** DATASET CONTENT follows **

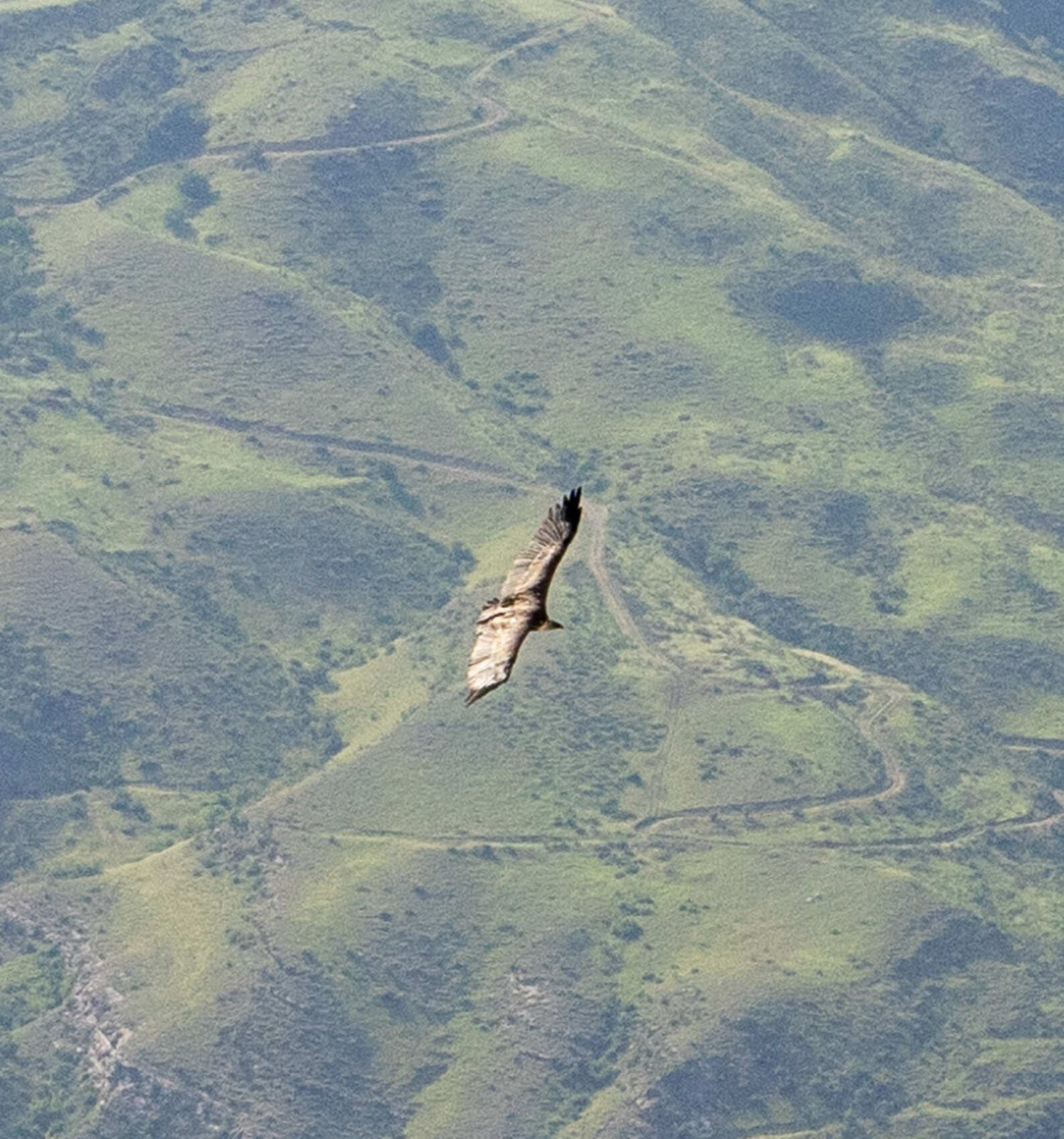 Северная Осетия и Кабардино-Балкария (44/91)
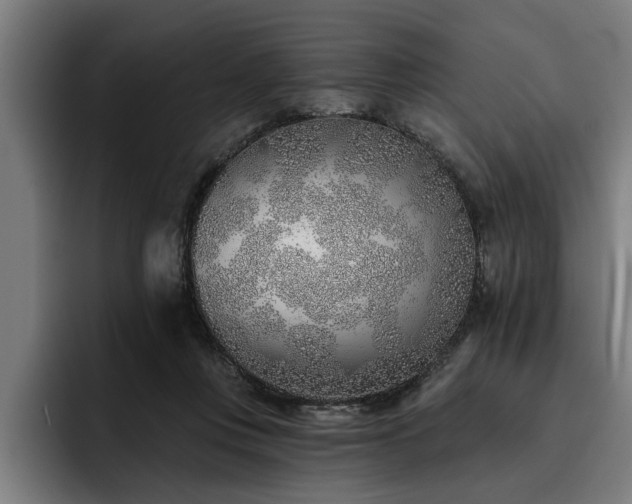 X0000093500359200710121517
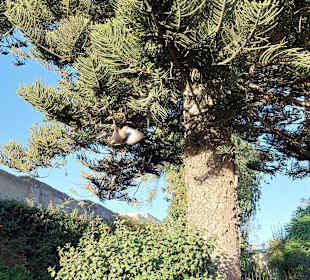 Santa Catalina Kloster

** End of DATASET CONTENT **

## ABOUT THIS TASK
Exclude the images, then output the data above word for word.

## EXERCISE SOLUTION
 Северная Осетия и Кабардино-Балкария (44/91)
 X0000093500359200710121517
 Santa Catalina Kloster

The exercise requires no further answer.